Bu alıntı da muhtemelen neden 2010 sonrası AKP için YAKP (Yeni AKP) ismini kullandığımı daha iyi anlatacaktır, bugünkü AKP’nin (YAKP) bu programı yazan AKP ile uzaktan yakından bir ilişkisi kalmamıştır

31 Martta yerel seçimler yapılacak; yazımı da bu nedenle aynı YAKP (Yeni AKP) programından yerel yönetimlere ayrılmış bölümünden (s.62) bir alıntı ile noktalıyorum.

Yorum sizin.

"Çağımız bir yönüyle küreselleşme çağı, diğer yönüyle yerelleşme ve Yerel Yönetimlerin devlet sistemleri içindeki ağırlıklarının arttığı bir çağdır. Artık demokrasi sadece bir seçme ve seçilme rejimi değil, aynı zamanda katılma ve işbirliği rejimi olarak algılanmaktadır. Bu katılım ve işbirliğini gerçekleştirecek temel birimler ise Yerel Yönetimler'dir. Türkiye'de kamusal yaşamı ilgilendiren birçok diğer konuda olduğu gibi, Mahalli idareler alanında da asıl sorun, demokrasimizin derinlikten yoksun oluşudur. Yapılması gereken, katılımcı ve çoğulcu demokrasinin günümüzde yaygınlık kazanan ilke ve uygulamalarını yine günümüz iktisat ve Kamu Yönetimi anlayışları çerçevesinde Mahalli idareler alanına taşımaktır. Partimiz bu doğrultuda; Mahalli İdarelere yerel ihtiyaçlara göre yönetim biçimlerini geliştirme yetkisini verecektir. Yerel Yönetimlerin kendi görevlerini yerine getirebilmeleri için gerekli harcamaları karşılayacak düzeyde ve çeşitlilikte mali güce kavuşmalarını sağlayacaktır. Yerel Yönetimlerin karar alma süreci ve bazı faaliyetlerine Sivil Toplum Kuruluşlarının katılımını sağlayacaktır. Kendi alanlarıyla ilgili düzenlemelere gidilmeden önce Yerel Yönetimlere danışılması ilkesini getirecektir. Avrupa Yerel Yönetimler Özerklik Şartına uygun olarak, anayasal sistemimize Yerel Yönetim hakkının dahil edilmesini sağlayacaktır. Yerel Yönetimlerin yargı yoluna gidebilme hakkı dahil, ilgili tüm düzenlemeleri gerçekleştirecektir. Yerel Yönetimlerin denetim ve gözetiminin korunmaya çalışılan çıkarların önemi ile orantılı olması ilkesini gözetecektir."
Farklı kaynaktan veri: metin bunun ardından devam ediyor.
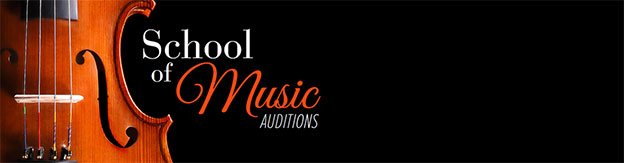 School of Music Auditions banner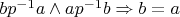 $bp^{-1}a \wedge  ap^{-1}b \Rightarrow  b=a $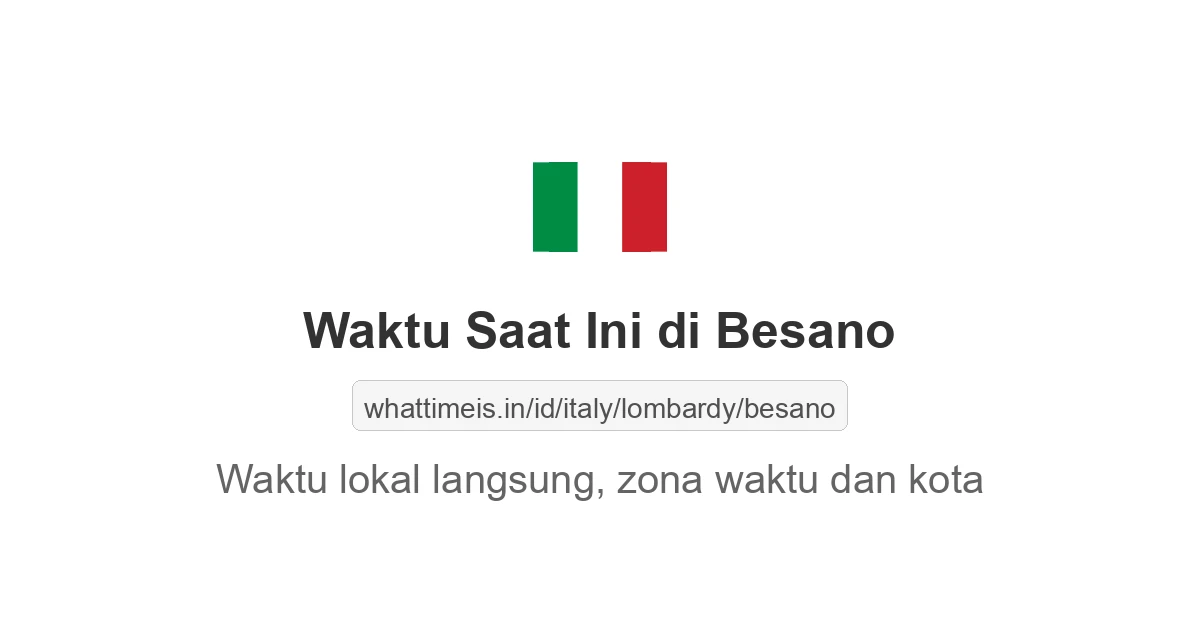 Jam berapa sekarang di: Besano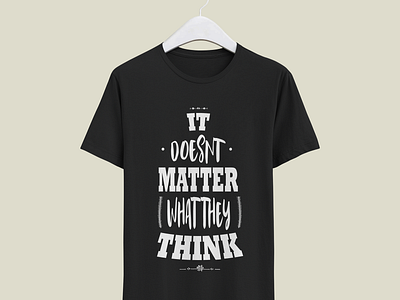 Motivation Quote - T-Shirt adobe illustrator adobe photoshop art direction branding creative design fashion show graphic illustration lettering quote t shirt t shirt design typography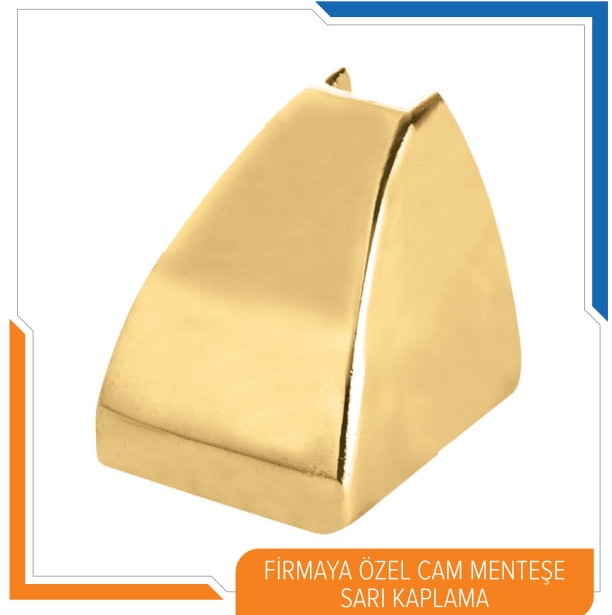 Firmaya Özel Cam Menteşe (Sarı K.) /  Exclusive Glass Lid Handle Gold / مفصلات زجاجية خاصة طلاء أصفر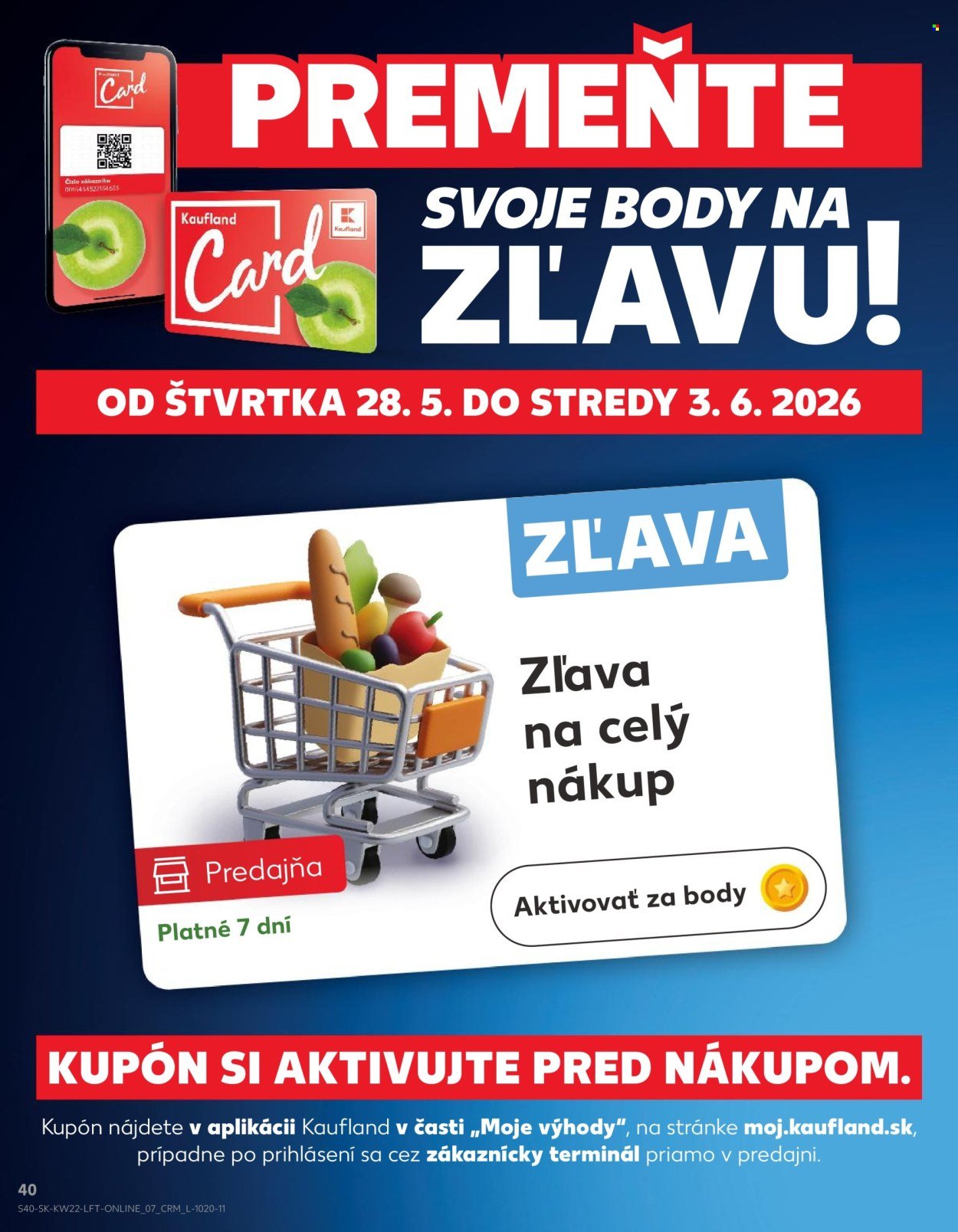KAUFLAND leták - Od štvrtka 28.5.2026 (2026-05-28 - 2026-06-03) | 40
Haksız mıyım Erdoğan’ın hâlâ başında olduğu partiye Yeni AKP (YAKP) demekle?

Dün ne yazmışlarsa bugün tam tersini yapıyorlar.

Demek ki, ortada isim iktisabı yapmış yeni bir parti var.

Eski AKP (EAKP) programına gerçekten sahip çıkacak Gül-Babacan önderliğinde kurulacağı söylenen parti bu eski programla iş yapabilir Türkiye’de.